Looks good to me and thanks for fixing this! Feel free to add:

Reviewed-by: Jan Kara <jack@xxxxxxx>

								Honza

> ---
>  .../filesystems/directory-locking.rst         | 29 ++++-----
>  Documentation/filesystems/locking.rst         |  5 +-
>  Documentation/filesystems/porting.rst         | 18 ++++++
>  fs/namei.c                                    | 60 ++++++++++++-------
>  4 files changed, 74 insertions(+), 38 deletions(-)
> 
> diff --git a/Documentation/filesystems/directory-locking.rst b/Documentation/filesystems/directory-locking.rst
> index dccd61c7c5c3..193c22687851 100644
> --- a/Documentation/filesystems/directory-locking.rst
> +++ b/Documentation/filesystems/directory-locking.rst
> @@ -22,13 +22,16 @@ exclusive.
>  3) object removal.  Locking rules: caller locks parent, finds victim,
>  locks victim and calls the method.  Locks are exclusive.
>  
> -4) rename() that is _not_ cross-directory.  Locking rules: caller locks the
> -parent and finds source and target.  We lock both (provided they exist).  If we
> -need to lock two inodes of different type (dir vs non-dir), we lock directory
> -first.  If we need to lock two inodes of the same type, lock them in inode
> -pointer order.  Then call the method.  All locks are exclusive.

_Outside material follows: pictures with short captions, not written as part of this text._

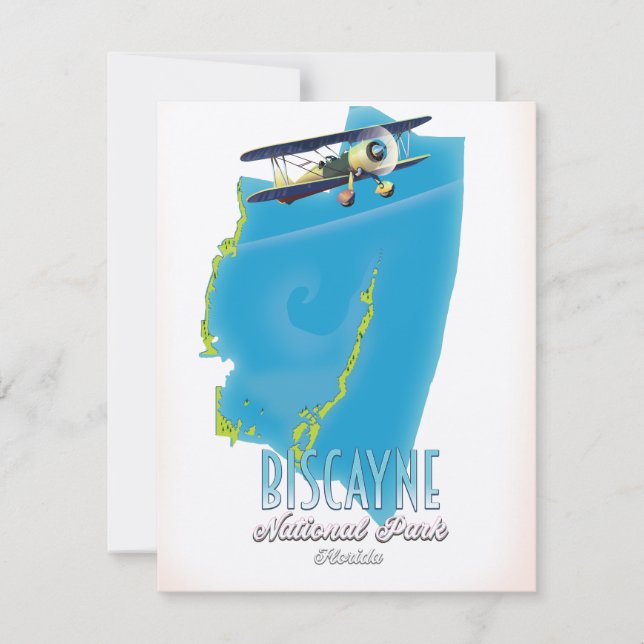 carte du parc national de Biscayne Floride (Devant)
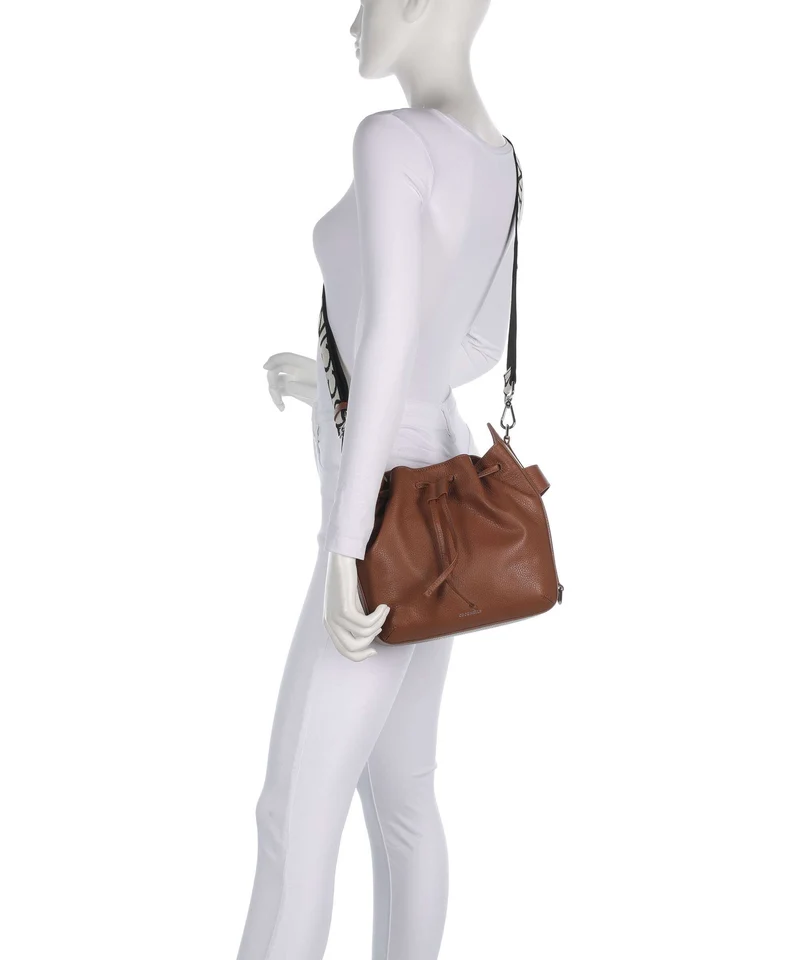 Coccinelle Gretel Ribbon Sac seau cognac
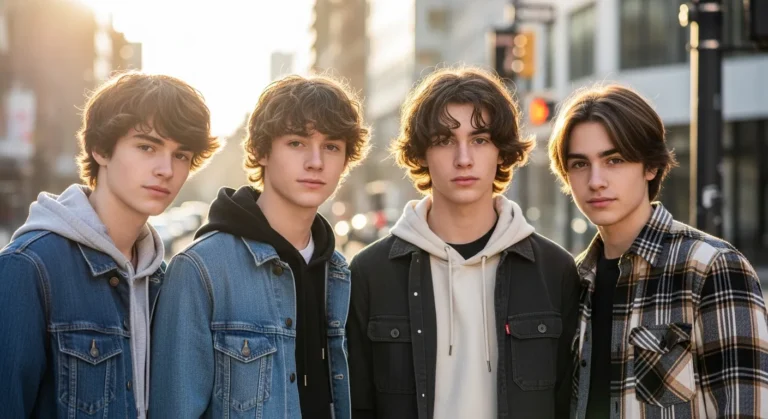 Curtain Bang Hairstyles for Teens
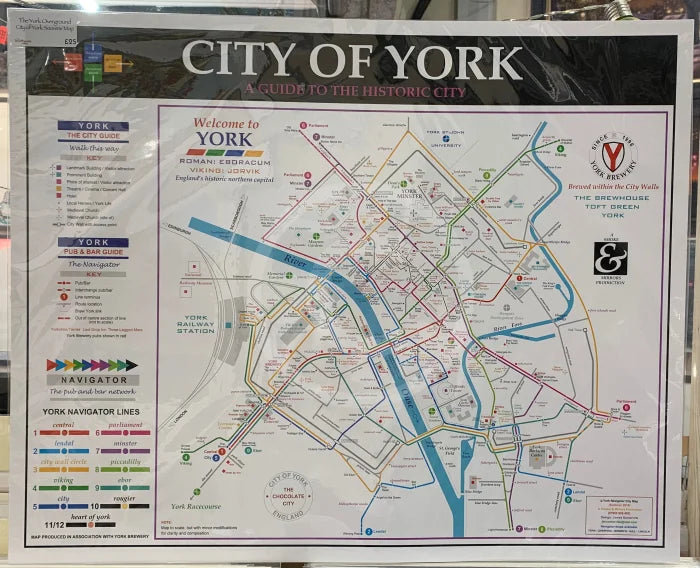 The York Overground Map Posters Prints & Visual Artwork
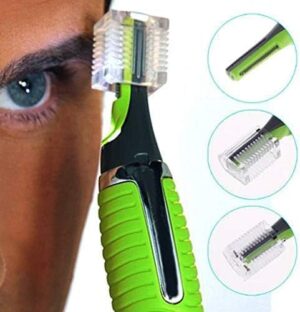 B0F9VPM5XL- Touch Max Multi-function Stainless Steel Nose Ear Face Neck Eyebrow Hair Trimmer Shaver Removal Clipper Cleaner Epilator With LED Light for MEN and WOMEN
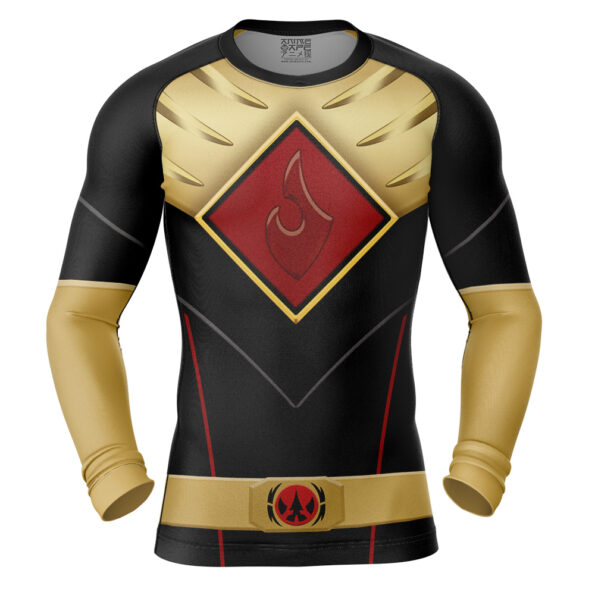 Lord Drakkon Mighty Morphin Power Rangers Long Sleeve Rash Guard Compression Shirt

> -NB: we might get away with locking the source (and target in exchange
> -case) shared.
> +4) rename() that is _not_ cross-directory.  Locking rules: caller locks
> +the parent and finds source and target.  Then we decide which of the
> +source and target need to be locked.  Source needs to be locked if it's a
> +non-directory; target - if it's a non-directory or about to be removed.
> +Take the locks that need to be taken, in inode pointer order if need
> +to take both (that can happen only when both source and target are
> +non-directories - the source because it wouldn't be locked otherwise
> +and the target because mixing directory and non-directory is allowed
> +only with RENAME_EXCHANGE, and that won't be removing the target).

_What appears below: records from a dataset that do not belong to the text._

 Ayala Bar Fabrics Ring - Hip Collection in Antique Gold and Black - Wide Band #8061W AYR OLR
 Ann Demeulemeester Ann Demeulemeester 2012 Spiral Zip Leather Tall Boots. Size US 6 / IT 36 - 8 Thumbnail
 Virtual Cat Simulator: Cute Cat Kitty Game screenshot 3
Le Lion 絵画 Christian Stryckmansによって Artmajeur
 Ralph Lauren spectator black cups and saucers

> +After the locks had been taken, call the method.  All locks are exclusive.
>  
>  5) link creation.  Locking rules:
>  
> @@ -44,20 +47,17 @@ rules:
>  
>  	* lock the filesystem
>  	* lock parents in "ancestors first" order. If one is not ancestor of
> -	  the other, lock them in inode pointer order.
> +	  the other, lock the parent of source first.

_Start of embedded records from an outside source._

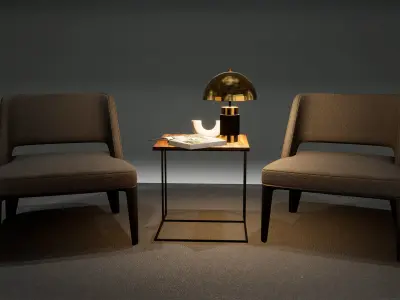 DH STUDIO Furniture Collection 02 Low-poly 3D model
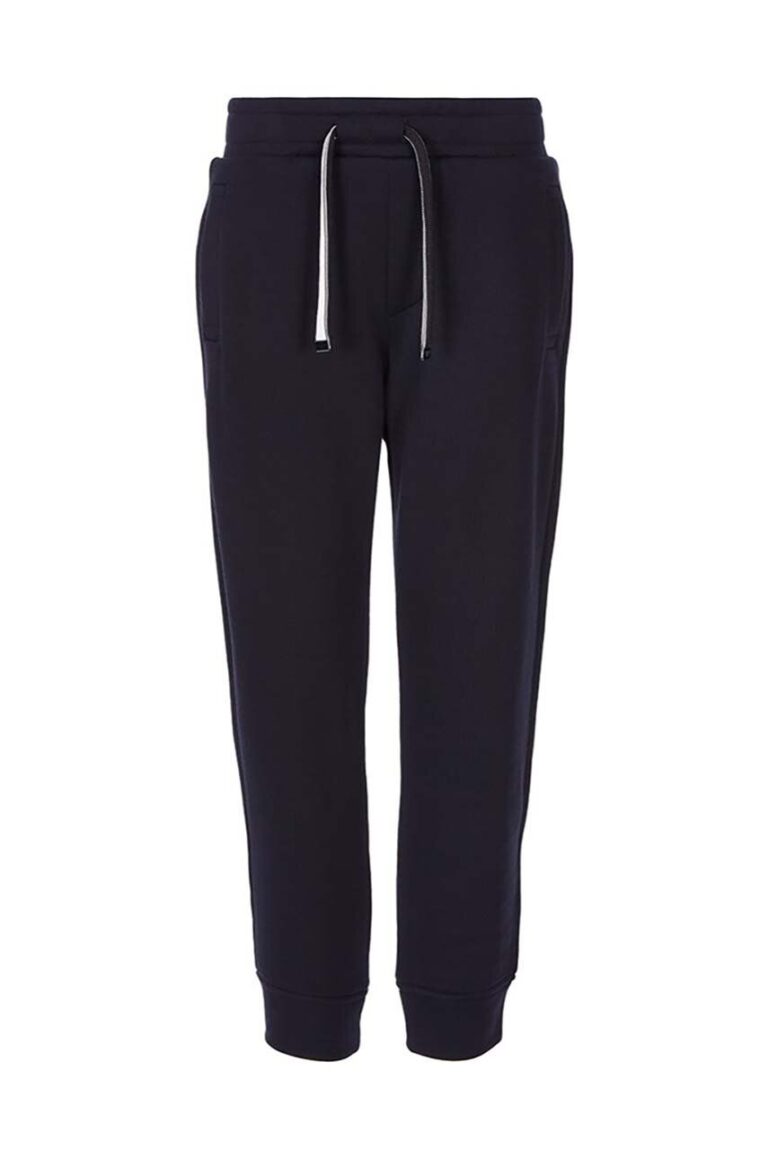 Emporio Armani pantaloni de trening pentru copii culoarea albastru marin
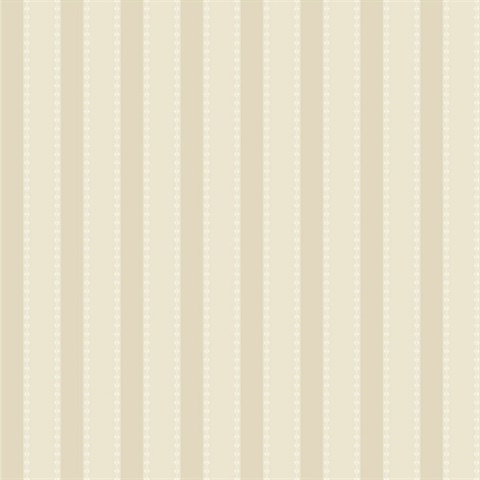 Tilford Neutral Awning Linen Stripe Wallpaper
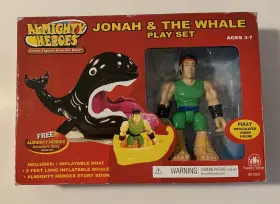 Family Values 852585010017 Almighty Heroes Jonah And The Whale Play Set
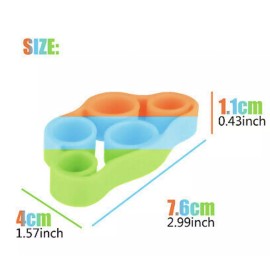 SYOSIN Hand Grip Strengthener Strength Gripper Finger Exerciser Therapy Forearm Trainer - Triple Color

>  	* find source and target.
>  	* if old parent is equal to or is a descendent of target
>  	  fail with -ENOTEMPTY
>  	* if new parent is equal to or is a descendent of source
>  	  fail with -ELOOP
> -	* Lock both the source and the target provided they exist. If we
> -	  need to lock two inodes of different type (dir vs non-dir), we lock
> -	  the directory first. If we need to lock two inodes of the same type,
> -	  lock them in inode pointer order.
> +	* Lock subdirectories involved (source before target).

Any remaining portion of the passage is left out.